Exercise: Each line from the one containing "Risotto alla Milanese" to the end of the entries is to be repeated exactly, and no other line.
(Record extracts Opens)
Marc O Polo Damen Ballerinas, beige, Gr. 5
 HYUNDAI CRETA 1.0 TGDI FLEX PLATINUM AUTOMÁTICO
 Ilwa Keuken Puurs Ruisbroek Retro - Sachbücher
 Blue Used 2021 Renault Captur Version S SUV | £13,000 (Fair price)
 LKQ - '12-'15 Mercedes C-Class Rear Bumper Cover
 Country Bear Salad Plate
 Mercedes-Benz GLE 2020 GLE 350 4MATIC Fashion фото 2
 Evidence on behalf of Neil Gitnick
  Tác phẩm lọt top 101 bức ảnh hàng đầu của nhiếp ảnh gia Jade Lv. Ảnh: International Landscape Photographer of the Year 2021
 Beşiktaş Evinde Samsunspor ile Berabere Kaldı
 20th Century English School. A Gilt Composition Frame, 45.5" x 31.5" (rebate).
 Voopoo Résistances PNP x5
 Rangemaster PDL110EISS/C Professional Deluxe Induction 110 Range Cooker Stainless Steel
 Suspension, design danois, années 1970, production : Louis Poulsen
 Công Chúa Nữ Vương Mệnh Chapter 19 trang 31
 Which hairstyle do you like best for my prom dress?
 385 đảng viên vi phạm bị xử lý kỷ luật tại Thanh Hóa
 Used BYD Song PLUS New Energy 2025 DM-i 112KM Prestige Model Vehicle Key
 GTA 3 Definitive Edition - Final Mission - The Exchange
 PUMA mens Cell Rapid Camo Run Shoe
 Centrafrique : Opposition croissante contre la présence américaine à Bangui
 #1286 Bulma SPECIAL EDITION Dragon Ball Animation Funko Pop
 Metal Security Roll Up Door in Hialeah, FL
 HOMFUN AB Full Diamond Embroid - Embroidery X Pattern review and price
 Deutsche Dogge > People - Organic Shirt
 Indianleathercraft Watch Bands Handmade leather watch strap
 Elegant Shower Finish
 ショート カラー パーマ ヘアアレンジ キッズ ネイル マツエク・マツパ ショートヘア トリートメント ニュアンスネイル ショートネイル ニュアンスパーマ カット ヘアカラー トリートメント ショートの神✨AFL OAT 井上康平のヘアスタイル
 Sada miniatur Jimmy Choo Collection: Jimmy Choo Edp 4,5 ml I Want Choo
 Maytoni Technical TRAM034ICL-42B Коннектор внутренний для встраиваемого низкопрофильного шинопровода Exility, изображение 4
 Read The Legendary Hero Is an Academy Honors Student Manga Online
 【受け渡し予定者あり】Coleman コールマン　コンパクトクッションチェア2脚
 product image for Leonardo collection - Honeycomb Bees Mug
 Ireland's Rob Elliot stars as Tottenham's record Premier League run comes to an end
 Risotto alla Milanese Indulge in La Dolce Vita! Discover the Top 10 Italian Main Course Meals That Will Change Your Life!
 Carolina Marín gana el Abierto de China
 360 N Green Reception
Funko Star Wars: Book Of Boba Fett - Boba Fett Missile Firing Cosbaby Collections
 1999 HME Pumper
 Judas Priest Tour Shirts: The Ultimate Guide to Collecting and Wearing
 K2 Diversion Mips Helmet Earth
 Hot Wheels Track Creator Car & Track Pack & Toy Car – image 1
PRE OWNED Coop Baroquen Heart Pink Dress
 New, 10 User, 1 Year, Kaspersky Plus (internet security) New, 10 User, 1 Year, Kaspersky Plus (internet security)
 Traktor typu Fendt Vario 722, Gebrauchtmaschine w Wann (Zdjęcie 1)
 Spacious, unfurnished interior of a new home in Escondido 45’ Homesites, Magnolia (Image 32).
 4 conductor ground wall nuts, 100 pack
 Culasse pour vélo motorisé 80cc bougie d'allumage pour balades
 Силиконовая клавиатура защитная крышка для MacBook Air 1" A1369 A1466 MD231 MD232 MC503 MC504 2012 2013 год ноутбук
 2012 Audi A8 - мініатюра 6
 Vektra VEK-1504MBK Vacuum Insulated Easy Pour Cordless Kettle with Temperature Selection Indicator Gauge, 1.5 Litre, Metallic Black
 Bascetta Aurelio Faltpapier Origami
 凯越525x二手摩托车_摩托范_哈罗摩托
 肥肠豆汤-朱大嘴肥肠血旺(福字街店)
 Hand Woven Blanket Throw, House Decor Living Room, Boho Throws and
(Record extracts Closes)
Task solution:
 Risotto alla Milanese Indulge in La Dolce Vita! Discover the Top 10 Italian Main Course Meals That Will Change Your Life!
 Carolina Marín gana el Abierto de China
 360 N Green Reception
Funko Star Wars: Book Of Boba Fett - Boba Fett Missile Firing Cosbaby Collections
 1999 HME Pumper
 Judas Priest Tour Shirts: The Ultimate Guide to Collecting and Wearing
 K2 Diversion Mips Helmet Earth
 Hot Wheels Track Creator Car & Track Pack & Toy Car – image 1
PRE OWNED Coop Baroquen Heart Pink Dress
 New, 10 User, 1 Year, Kaspersky Plus (internet security) New, 10 User, 1 Year, Kaspersky Plus (internet security)
 Traktor typu Fendt Vario 722, Gebrauchtmaschine w Wann (Zdjęcie 1)
 Spacious, unfurnished interior of a new home in Escondido 45’ Homesites, Magnolia (Image 32).
 4 conductor ground wall nuts, 100 pack
 Culasse pour vélo motorisé 80cc bougie d'allumage pour balades
 Силиконовая клавиатура защитная крышка для MacBook Air 1" A1369 A1466 MD231 MD232 MC503 MC504 2012 2013 год ноутбук
 2012 Audi A8 - мініатюра 6
 Vektra VEK-1504MBK Vacuum Insulated Easy Pour Cordless Kettle with Temperature Selection Indicator Gauge, 1.5 Litre, Metallic Black
 Bascetta Aurelio Faltpapier Origami
 凯越525x二手摩托车_摩托范_哈罗摩托
 肥肠豆汤-朱大嘴肥肠血旺(福字街店)
 Hand Woven Blanket Throw, House Decor Living Room, Boho Throws and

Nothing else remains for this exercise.